29369 - Food Crop Ecology and Productions

Academic Year 2017/2018

  • Docente: Luigi Filippo D'Antuono
  • Credits: 6
  • SSD: AGR/02
  • Language: Italian
  • Teaching Mode: Traditional lectures
  • Campus: Cesena
  • Corso: First cycle degree programme (L) in Food Technology (cod. 8528)

Learning outcomes

At the end of the course the student will acquire the knowledge of food crops, in relation to productive and geographical factors, with special respect to quality and technological characters and their determining factors.

Course contents

a) Propedeutic part.  Principles of plant morphology and organography;: plant cells, tissues and organs. Principles of plant taxonomy.  Reproductive systems of the Angiosperms; fruit morphology. Physiological processes of crop plants, with special relation to the upscaling from cell to plant community level. Genetic factors: diversity, genetic structure and genotypes of crop plants. Atmospheric factors: radiation interception., assimilation, maintenance and growth respiration, phenology and development, assimilate partitioning, biomass yield. Soil factors: water and nutrient constraints, effects on quality. Biotic factors: interspecific and intraspecific competition: effects on quantitative and qualitative production. Other biotic factors. Crop protection: impact on food and environmental quality.

b) Professional part. Aspects of the biology, genetic, distribution, supply, quality and uses of the following temperate crops (at different detail levels): Cool season cereals: bread and durum wheat, barley, oats, minor cereals. Warm season cereals: corn, rice, other species. Sugar crops: sugarbeet. Oilseeds: soybeans, sunflower, rapeseed, other species.  Pulses: beans, peas, horsebeans, chickpea, lentil. Solanaceae: potato, tomato, peppers. Asteraceae: artichoke, chicories, lettuces. Alliaceae: onion, other species. Rosaceae: strawberry. Chenopodiaceae: spinach. Cucurbitaceae: industrial cucumber, other. Daucaceae: carrot, other. Condiment plants, spices, herbs. Species for the extraction of phytochemicals for the food industry.

Readings/Bibliography

The topics are dispersed in several textbooks. It is advised to use the . pdf trace of lectures. A list of reference texts will be supplied

Teaching methods

Traditional in classroom lectures. Laboratory  practical determinations on specific subjects.

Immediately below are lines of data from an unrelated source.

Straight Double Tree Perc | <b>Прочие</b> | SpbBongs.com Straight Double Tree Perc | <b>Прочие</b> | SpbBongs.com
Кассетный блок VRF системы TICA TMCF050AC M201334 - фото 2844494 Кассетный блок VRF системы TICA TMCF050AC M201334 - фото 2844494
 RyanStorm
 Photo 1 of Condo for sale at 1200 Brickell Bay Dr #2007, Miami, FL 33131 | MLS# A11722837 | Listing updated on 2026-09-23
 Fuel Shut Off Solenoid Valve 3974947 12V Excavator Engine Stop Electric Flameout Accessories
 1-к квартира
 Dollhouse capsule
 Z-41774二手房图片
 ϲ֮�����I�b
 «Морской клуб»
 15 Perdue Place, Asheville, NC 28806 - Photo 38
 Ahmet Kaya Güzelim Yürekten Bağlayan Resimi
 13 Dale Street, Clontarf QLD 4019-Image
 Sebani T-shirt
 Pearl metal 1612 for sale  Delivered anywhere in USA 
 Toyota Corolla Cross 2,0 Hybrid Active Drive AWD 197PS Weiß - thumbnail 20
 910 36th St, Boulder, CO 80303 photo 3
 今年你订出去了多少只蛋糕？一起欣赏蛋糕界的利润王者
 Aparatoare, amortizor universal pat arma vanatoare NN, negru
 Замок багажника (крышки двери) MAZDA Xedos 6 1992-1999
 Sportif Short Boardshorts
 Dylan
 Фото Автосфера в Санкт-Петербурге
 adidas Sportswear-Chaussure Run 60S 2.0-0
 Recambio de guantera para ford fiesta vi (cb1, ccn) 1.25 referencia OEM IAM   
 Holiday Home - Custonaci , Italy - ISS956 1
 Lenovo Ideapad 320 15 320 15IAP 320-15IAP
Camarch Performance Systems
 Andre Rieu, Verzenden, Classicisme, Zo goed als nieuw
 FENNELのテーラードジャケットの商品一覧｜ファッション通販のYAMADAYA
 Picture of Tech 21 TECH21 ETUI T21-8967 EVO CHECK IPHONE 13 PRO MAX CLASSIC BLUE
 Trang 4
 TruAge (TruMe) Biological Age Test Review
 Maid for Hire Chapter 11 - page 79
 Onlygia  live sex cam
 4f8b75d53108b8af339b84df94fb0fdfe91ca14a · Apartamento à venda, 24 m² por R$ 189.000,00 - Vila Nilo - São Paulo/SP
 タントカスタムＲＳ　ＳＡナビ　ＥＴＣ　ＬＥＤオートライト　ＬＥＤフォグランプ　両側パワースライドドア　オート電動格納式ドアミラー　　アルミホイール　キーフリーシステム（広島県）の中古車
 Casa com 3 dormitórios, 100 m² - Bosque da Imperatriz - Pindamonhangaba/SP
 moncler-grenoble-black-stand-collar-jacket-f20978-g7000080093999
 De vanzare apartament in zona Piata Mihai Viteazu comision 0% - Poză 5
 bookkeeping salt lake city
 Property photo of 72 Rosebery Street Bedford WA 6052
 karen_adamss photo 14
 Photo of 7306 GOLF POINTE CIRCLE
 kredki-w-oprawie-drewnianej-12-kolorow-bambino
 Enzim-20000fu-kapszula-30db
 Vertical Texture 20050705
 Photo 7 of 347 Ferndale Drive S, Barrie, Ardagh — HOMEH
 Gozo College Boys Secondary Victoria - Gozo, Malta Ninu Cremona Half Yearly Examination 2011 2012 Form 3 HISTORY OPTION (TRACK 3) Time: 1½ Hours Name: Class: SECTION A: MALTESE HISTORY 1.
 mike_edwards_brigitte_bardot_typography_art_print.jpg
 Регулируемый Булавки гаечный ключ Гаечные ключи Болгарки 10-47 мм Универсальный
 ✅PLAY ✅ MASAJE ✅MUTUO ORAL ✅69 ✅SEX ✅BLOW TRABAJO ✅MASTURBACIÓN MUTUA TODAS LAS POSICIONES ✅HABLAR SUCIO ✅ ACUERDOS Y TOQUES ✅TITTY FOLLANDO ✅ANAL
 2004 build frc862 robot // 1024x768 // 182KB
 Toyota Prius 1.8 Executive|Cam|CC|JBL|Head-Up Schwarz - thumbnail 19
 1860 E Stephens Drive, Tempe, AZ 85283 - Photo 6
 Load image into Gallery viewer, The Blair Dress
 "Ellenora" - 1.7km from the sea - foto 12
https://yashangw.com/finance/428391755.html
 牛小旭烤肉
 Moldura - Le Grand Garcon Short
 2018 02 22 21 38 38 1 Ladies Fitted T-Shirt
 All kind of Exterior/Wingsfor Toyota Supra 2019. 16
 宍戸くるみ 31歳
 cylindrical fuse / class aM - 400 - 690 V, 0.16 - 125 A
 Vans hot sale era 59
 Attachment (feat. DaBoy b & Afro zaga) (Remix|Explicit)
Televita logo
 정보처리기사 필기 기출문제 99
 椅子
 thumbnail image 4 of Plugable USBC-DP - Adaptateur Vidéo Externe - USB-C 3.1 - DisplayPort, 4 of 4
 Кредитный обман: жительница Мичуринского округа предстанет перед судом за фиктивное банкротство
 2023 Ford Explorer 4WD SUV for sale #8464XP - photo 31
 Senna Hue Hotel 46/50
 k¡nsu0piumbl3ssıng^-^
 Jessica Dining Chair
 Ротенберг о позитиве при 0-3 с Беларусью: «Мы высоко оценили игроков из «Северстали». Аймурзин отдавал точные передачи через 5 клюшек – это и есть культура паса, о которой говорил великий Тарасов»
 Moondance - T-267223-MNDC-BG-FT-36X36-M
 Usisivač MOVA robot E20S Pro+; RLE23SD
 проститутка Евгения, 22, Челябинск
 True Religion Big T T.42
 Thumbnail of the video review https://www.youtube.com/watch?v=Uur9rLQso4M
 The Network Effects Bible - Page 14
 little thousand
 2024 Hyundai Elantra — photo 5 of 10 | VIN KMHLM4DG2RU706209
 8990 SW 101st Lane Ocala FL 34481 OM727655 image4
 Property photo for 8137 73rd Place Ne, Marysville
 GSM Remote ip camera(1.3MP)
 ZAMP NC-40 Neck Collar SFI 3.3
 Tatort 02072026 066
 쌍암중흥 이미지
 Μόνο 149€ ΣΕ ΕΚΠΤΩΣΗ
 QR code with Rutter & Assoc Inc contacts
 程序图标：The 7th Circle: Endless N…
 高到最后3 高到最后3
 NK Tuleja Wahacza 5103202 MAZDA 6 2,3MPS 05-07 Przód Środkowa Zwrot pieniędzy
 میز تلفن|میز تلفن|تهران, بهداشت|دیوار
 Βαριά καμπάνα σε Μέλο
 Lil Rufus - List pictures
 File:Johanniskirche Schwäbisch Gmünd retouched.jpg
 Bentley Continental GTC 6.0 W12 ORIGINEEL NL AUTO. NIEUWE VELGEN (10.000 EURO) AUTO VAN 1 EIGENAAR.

Guided visits at agro-food entreprises. 

Assessment methods

The examination is oral, and is generally based on three questions: one plant morphology and physiology, one on crop ecology and one on the professional part. The weight of the three on final mark will be approximately 20-20-50%; all part must anyway attain the  minimum mark. Different cases: further questions may be asked for particularly weak  (especially in the professional part) or brilliant situations (to obtain the cum laude mark). Overall duration usually  ranges from 20 to 50 minutes.
This module is part of an integreted course together with the Frutticoltura module. The final mark comes from the weigthed average (according to credit number) of the two module marks.

Teaching tools

Digital slide projector, PCs, laboratory equipments for practical.